The goal of this program, and the training I completed, is simple: to make better decisions, based on data, despite uncertainty. Perhaps the potential value implied by that goal is self-evident to you, but perhaps not. Having spent nearly 2 decades in research libraries, though, I am confident many of you share my experience of having seen a lot of big organizational decisions made based on a mix of intuition, anecdotal experience, trendiness, and personal preferences—few, if any, big decisions are made based on strong statistical evidence.

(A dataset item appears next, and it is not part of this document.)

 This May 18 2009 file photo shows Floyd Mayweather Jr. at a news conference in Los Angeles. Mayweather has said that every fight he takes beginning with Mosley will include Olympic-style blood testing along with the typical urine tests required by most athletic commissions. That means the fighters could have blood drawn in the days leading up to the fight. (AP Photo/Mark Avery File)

The uncertainty part should speak for itself. Many of our institutions face a far less certain budget than 20 years ago when I first came up as a librarian. We don’t know how new technologies, our churning politics, and public perception will shift next. So if we’re going to make changes in the services we provide and collections we build, we should base decisions about them on the best evidence we can assemble. We often have data about the services we provide, but fail to make that data available, up-to-date, integrated with related sources, and usable for analysis. And few within our profession understand statistical methods for performing analyses reliably.
Realizing this, it seems clear that the biggest obstacle between me and a practical skill set for data-based decisions was a foundational grounding in the theory and practice of data science. Put simply, data science combines the traditional science of statistics with programming and domain expertise. Drew Conway’s Data Science Venn Diagram shows this combination succinctly.
Most of you reading this are like me, in that we share substantive expertise in our domains. Whether in one or several of the traditional library areas (such as technical services, public services, access services, collections, or the IT side of the house), we know our work pretty well, even to the point of having a good handle on the short-term and long-term trends shifting it over the years. I was primed to become a data scientist because I also had hacking skills—I’ve been working as a software developer throughout my career, so that covers two out of the three key areas. But if you haven’t noticed it yet, take another look at that diagram. Can you see my problem?
I embodied the danger zone. According to Conway, I knew enough to be dangerous. Although I had formal training in mathematics and statistics, much of that training occurred during the first Bush administration. Following tutorials, I could have run a linear regression in R, but I couldn’t have explained its statistical assumptions. Similarly, mimicking examples, I could have created a machine-learning model in Python, but I wouldn’t have had the faintest clue how one modeling technique compared with dozens of others. This knowledge gap meant that any attempt to make decisions based on my own statistical analysis would have a good chance of being weak, incomplete, or wrong.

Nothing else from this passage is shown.